━━ Data for analysis

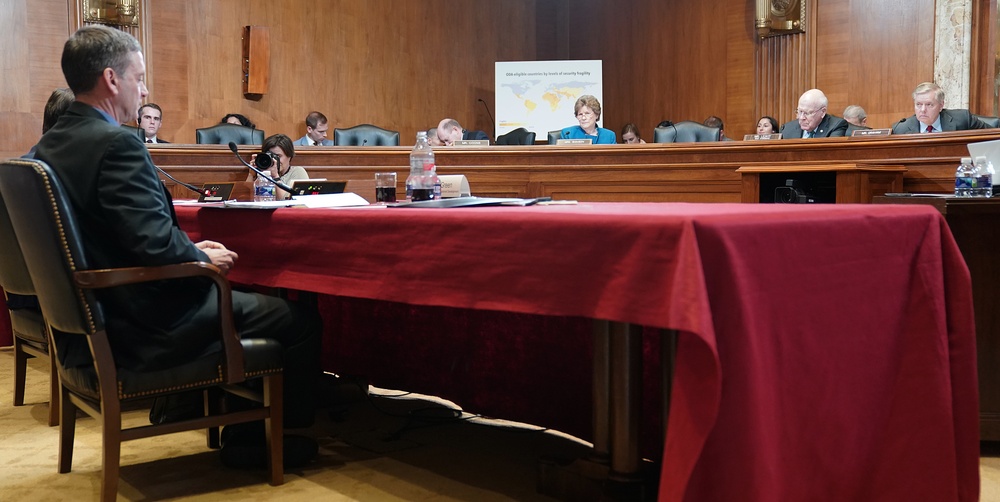 AAID Mark Green speaks at SACFO on the U.S. policy in the Sahel Region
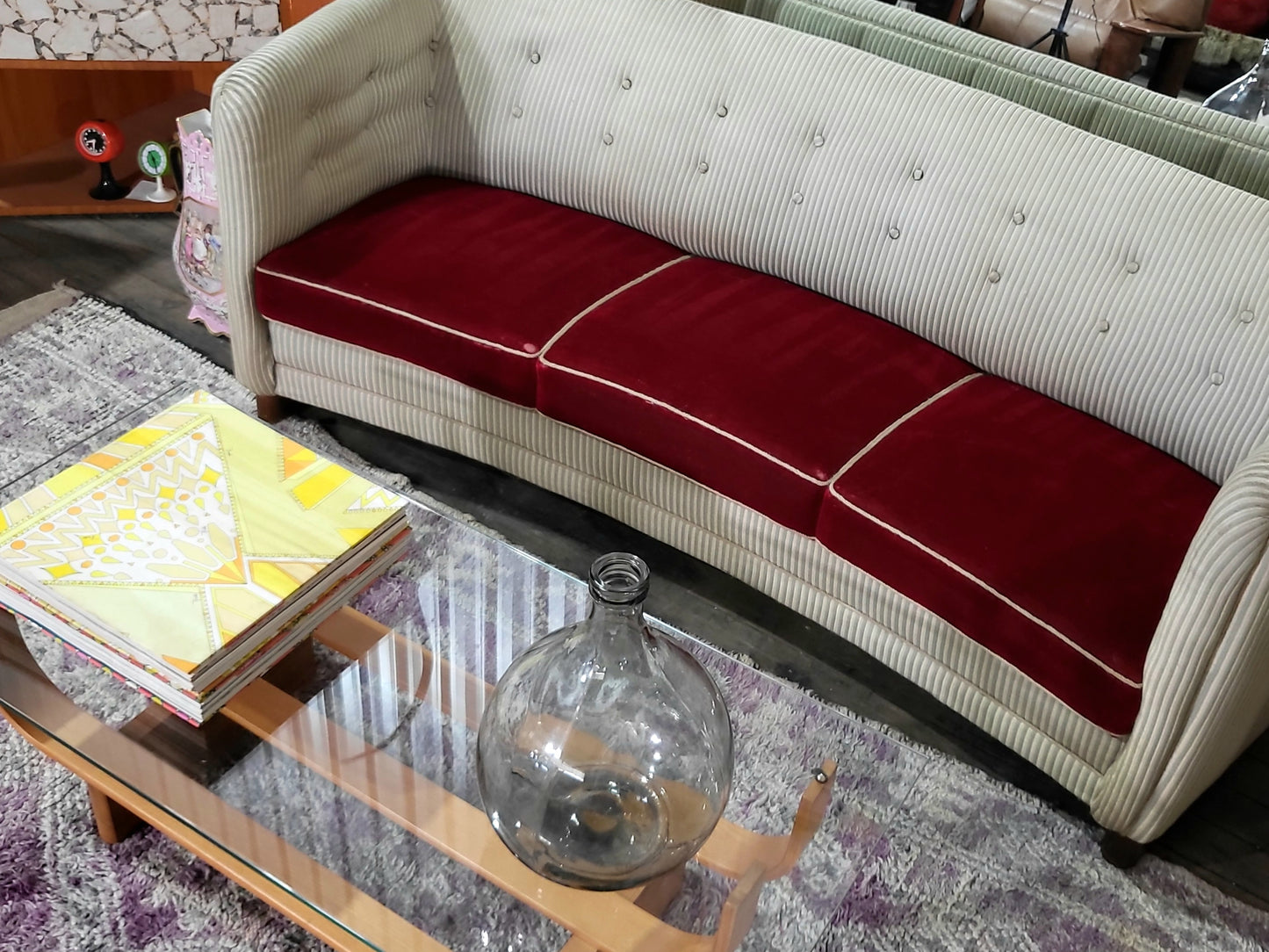 Ole Wanscher Model 1668 Sofa for Fritz Hansen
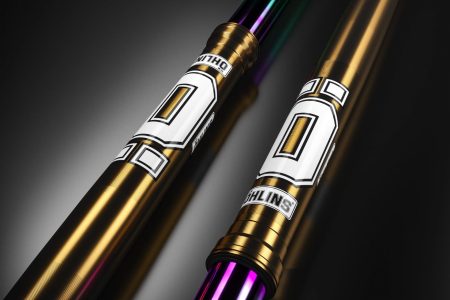 OHLINS FORK WRAPS - CLEAR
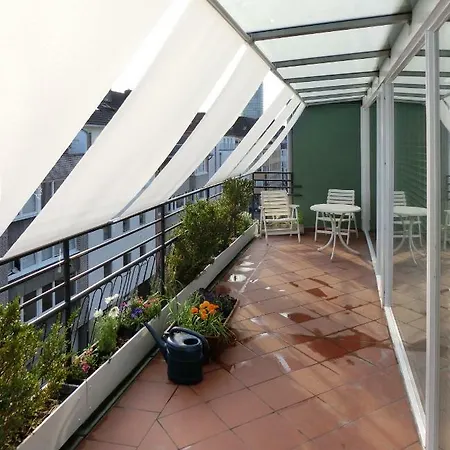Modernes, Sonniges Im Herzen Von Apartament Düsseldorf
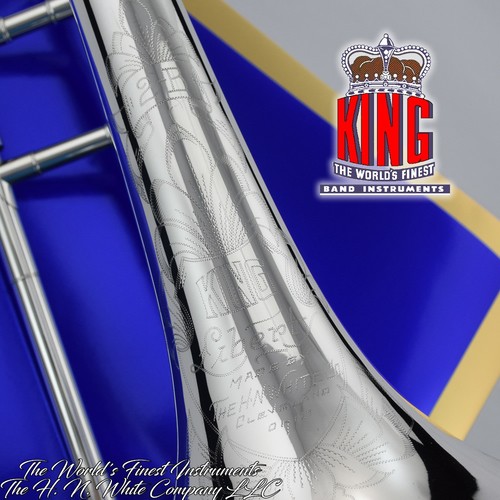 1947 vintage king bianco - king, n.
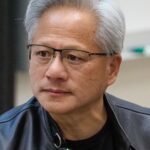 Jensen Huang biography photo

━━━━

Give the lines of the entries above exactly as they appear, leaving out each picture.

▸ Your response:
 AAID Mark Green speaks at SACFO on the U.S. policy in the Sahel Region
 Ole Wanscher Model 1668 Sofa for Fritz Hansen
 OHLINS FORK WRAPS - CLEAR
Modernes, Sonniges Im Herzen Von Apartament Düsseldorf
 1947 vintage king bianco - king, n.
 Jensen Huang biography photo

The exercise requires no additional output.